Jun 13, 2007

Hellers Paradox

"The chaplain had sinned, and it was good...The chaplain had mastered, in a moment of divine intuition, the handy technique of protective rationalization, and he was exhilarated by his discovery. It was miraculous. It was almost no trick at all, he saw, to turn vice into virtue and slander into truth, impotence into abstinence, arrogance into humility, plunder into philanthropy, thievery into honor, blasphemy into wisdom, brutality into patriotism, and sadism into justice. Anybody could do it; it required no brains at all. It merely required no character."

Is this what we are reduced to then? Our government, our generation, our world? Me, me me?

Why have character? Heller, makes the point, why? Who benefits, why we do, if we have a soul!

4 comments:

James Connelly said...

Dulcinea

At so many levels Heller's book resonates with the world around us every day. That quote about the Chaplin is a perfect example. Start a war in Iraq to secure a source of oil and stabilize it...well call it a patriotic duty, a destiny to remove a madman (forget the US government put him into power, and built up his armed forces and even supported his war against Iran)..

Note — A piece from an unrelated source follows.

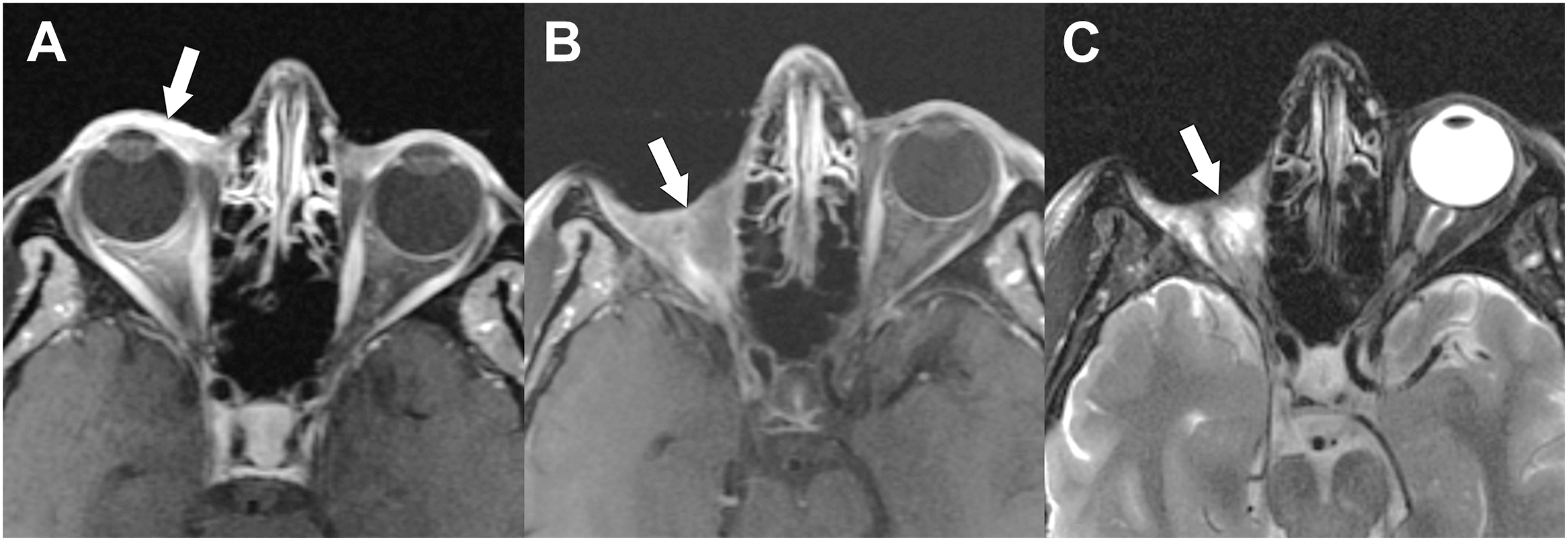 A set of three magnetic resonance imaging scans shows an enhancing eyelid lesion before surgery and the right orbit following an exenteration with a fasciocutaneous flap reconstruction.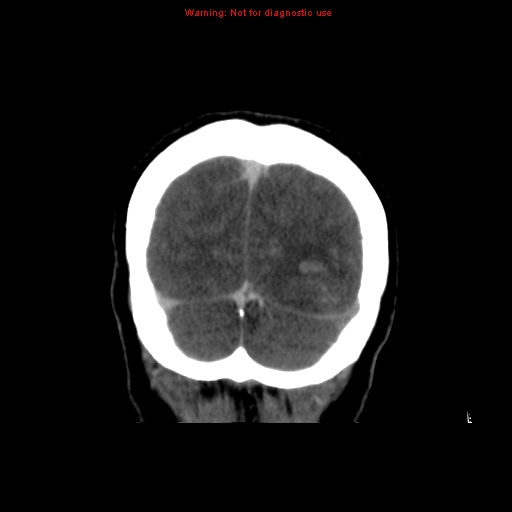 Cerebral venous infarction (Radiopaedia 12404-20735 B 73).jpg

Steal millions from a trust company if you are the CEO, no problem just call it "accounting irregularities", and plead for forgiveness.

Stand in a pulpit and preach hell and damnation, family values, and plead for 'donations' while all the while cheating on your wife with men and women! (then cry for forgiveness not because you sinned but because you were weak...not to mention you got caught).

That is the divine truth about Heller's Catch 22, it is as relevant today, as 40 years ago, and probably will be 100 years from now! If you change the wording of anything, spin it just so you can justify anything you want.

Character be damned, it gets in the way of profit and power. Show me a man with a strong character, morals and such, and I show you a man destined to go nowhere! From a very early age we are confronted with choices, to sin, to steal, to lie, etc... The more comfortable we become with those choices the more eroded our character becomes. Soon we are nothing more than stalks of wheat bending and moving with every whisper of wind, falling in the face of adversity.

Joy said...

My bf asked me if I was reading the book or editing it, it is so marked up now with notes, post-its and high-lighting. I am enthralled with Heller's use of language and simile and opposites, etc... Just love this book. How about it, have you read anything else by him?

Joy said...

I can't read just "any " book now. I think I may go get a copy of "Breakfast of Champions" at the bookstore to "cleanse the palate" so to speak. What do you want to read next. Do you like Vonnegut? Breakfast is fun and about a guy who is going crazy and thinks he's a robot....sound interesting????

Lizi Tish said...

Who's rodrigo???? Another of your admirers I suppose.